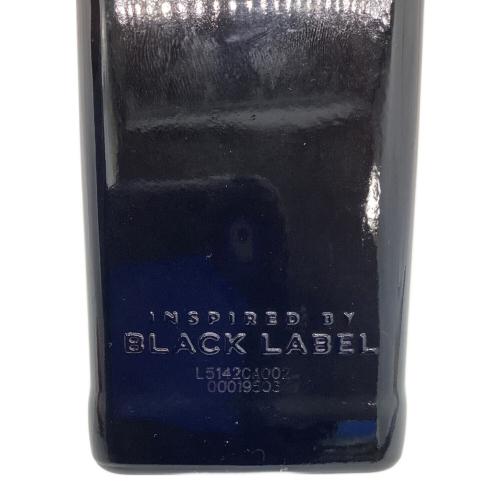 Johnnie Walker (ジョニーウォーカー) BLACK RUBY ブレンデッドスコッチウイスキー 700ml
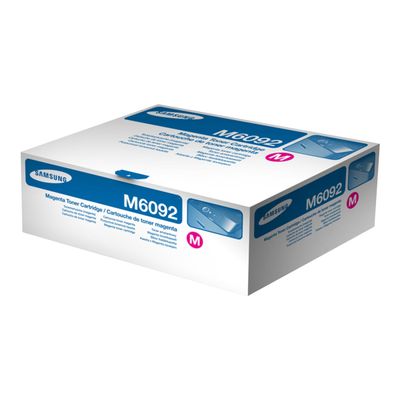Samsung CLT-6092S - magenta - cartouche laser d'origine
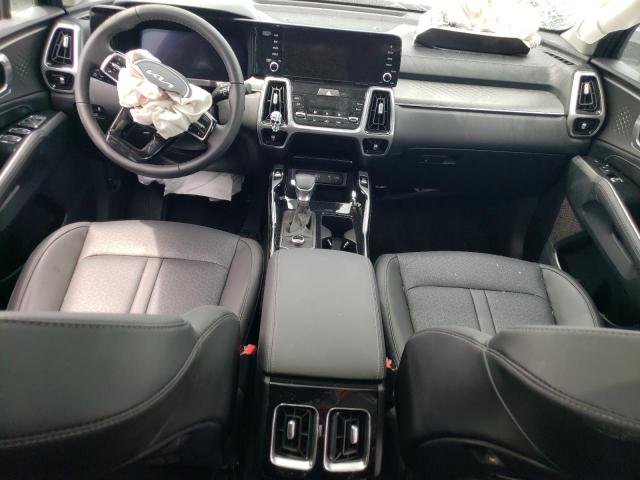 5XYRKDLF8PG202243 KIA SORENTO SX
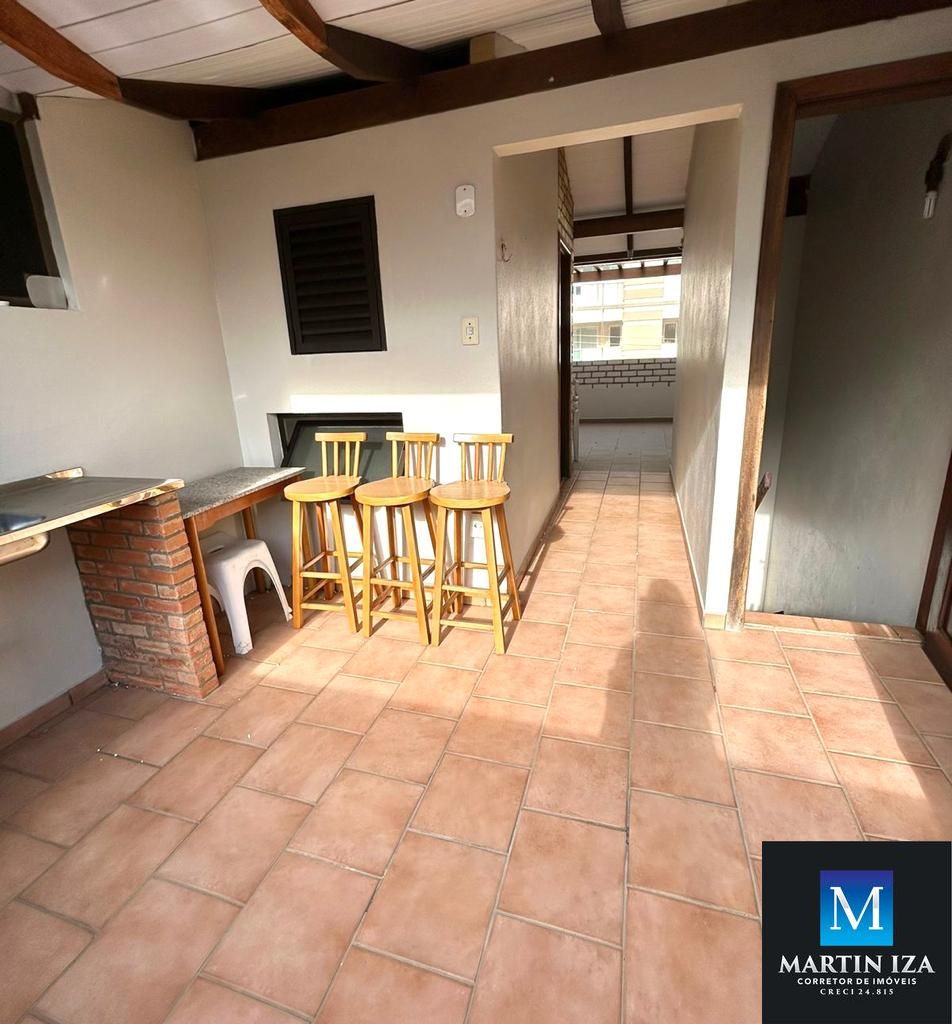 Apartamento, 2 quartos, 80 m² - Foto 12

== Problem statement ==
Transcribe the whole of the data exactly, minus any pictures.

== Problem solution ==
 Johnnie Walker (ジョニーウォーカー) BLACK RUBY ブレンデッドスコッチウイスキー 700ml
Samsung CLT-6092S - magenta - cartouche laser d'origine
 5XYRKDLF8PG202243 KIA SORENTO SX
 Apartamento, 2 quartos, 80 m² - Foto 12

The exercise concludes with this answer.